**DATA BELOW:**
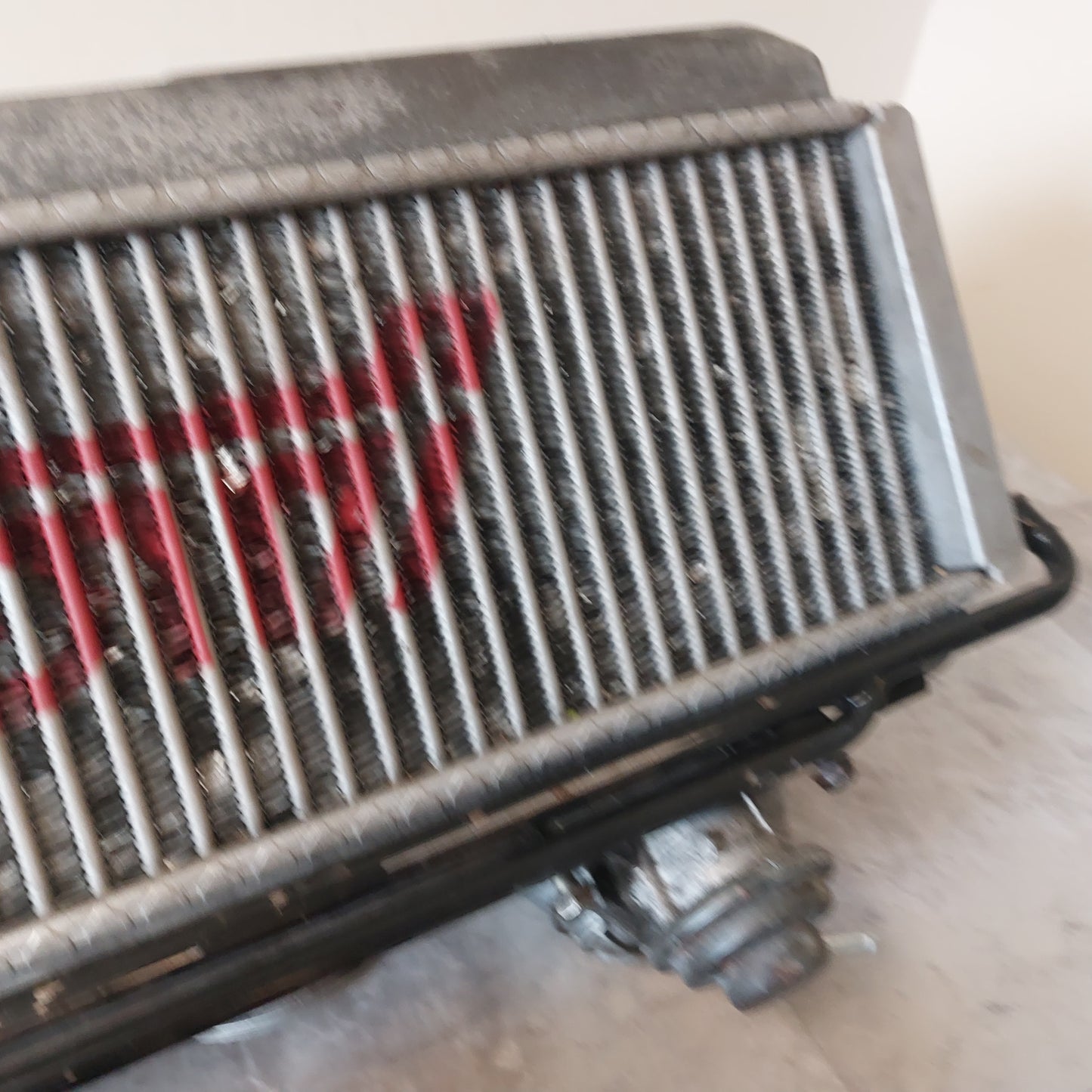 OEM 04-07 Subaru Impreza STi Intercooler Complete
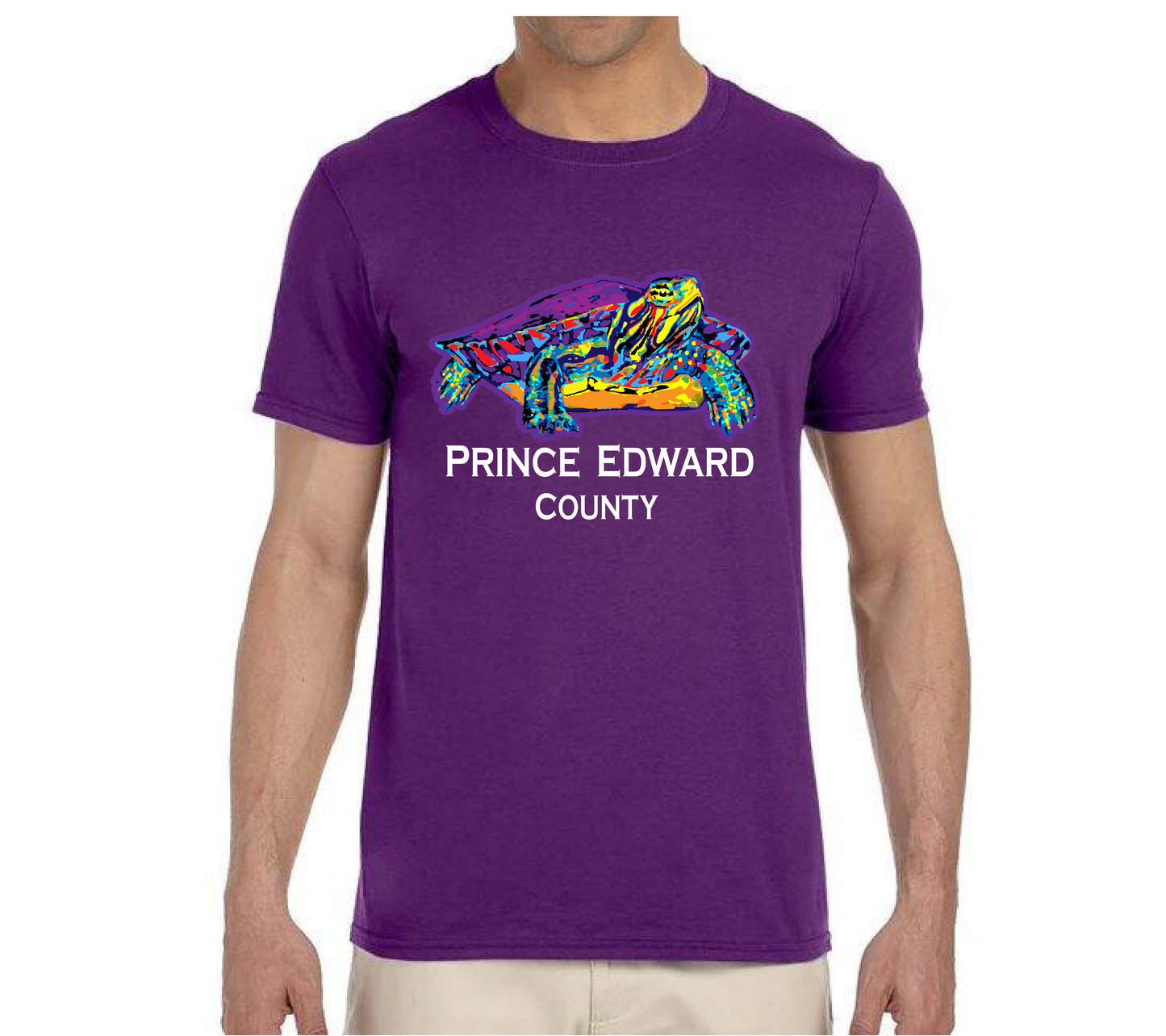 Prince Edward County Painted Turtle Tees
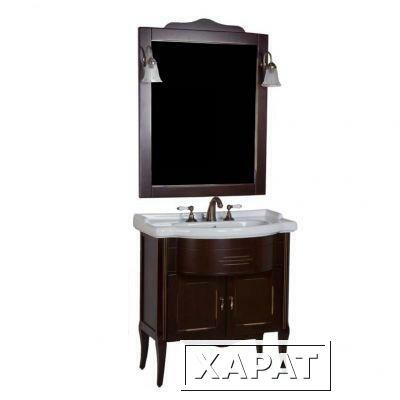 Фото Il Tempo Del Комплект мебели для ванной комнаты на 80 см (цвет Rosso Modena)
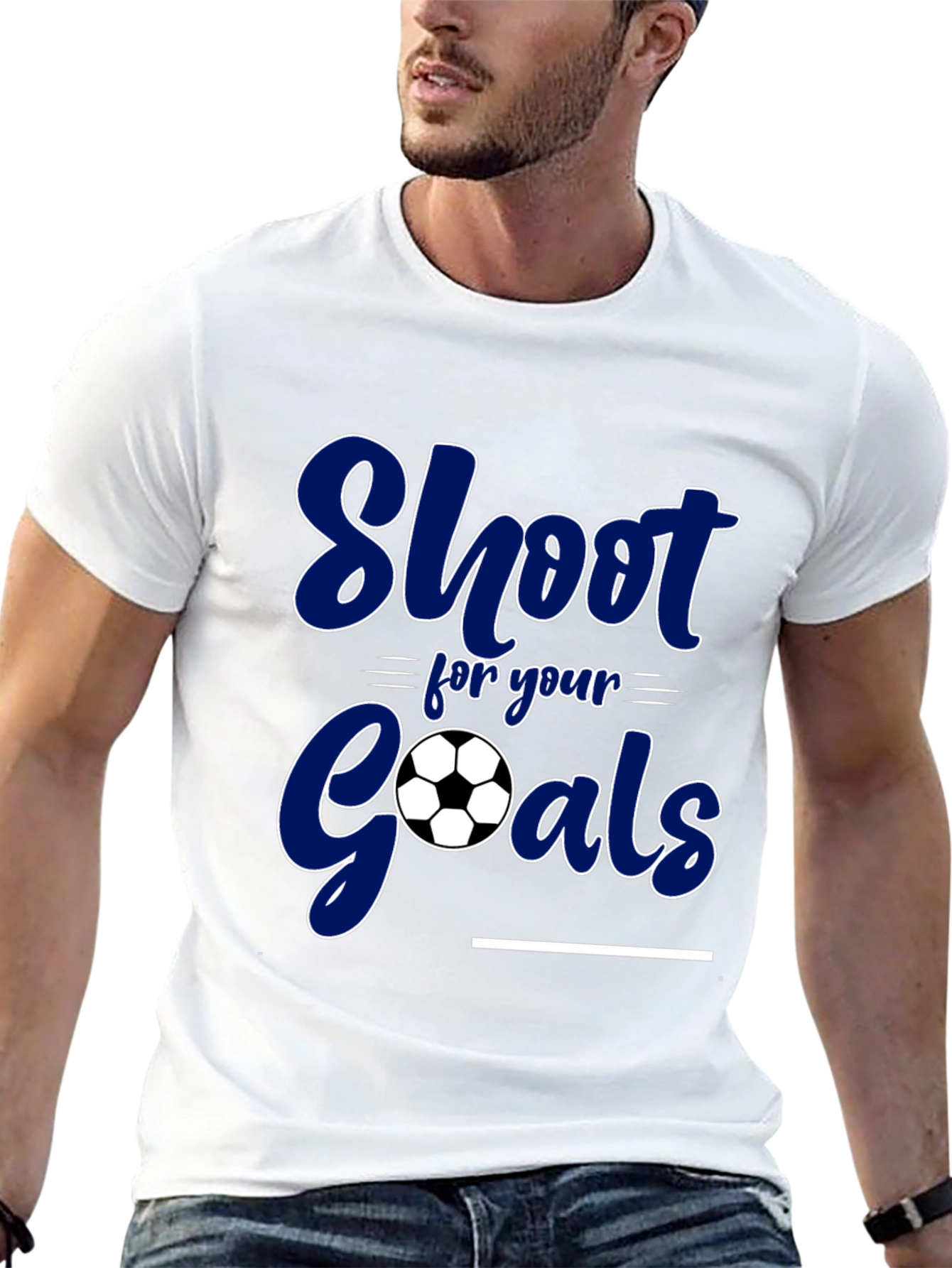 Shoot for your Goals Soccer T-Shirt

**WHAT THIS TASK INVOLVES:** Take the preceding listing and transcribe it exactly, skipping the pictures.

**TASK RESULT:**
 OEM 04-07 Subaru Impreza STi Intercooler Complete
 Prince Edward County Painted Turtle Tees
 Фото Il Tempo Del Комплект мебели для ванной комнаты на 80 см (цвет Rosso Modena)
 Shoot for your Goals Soccer T-Shirt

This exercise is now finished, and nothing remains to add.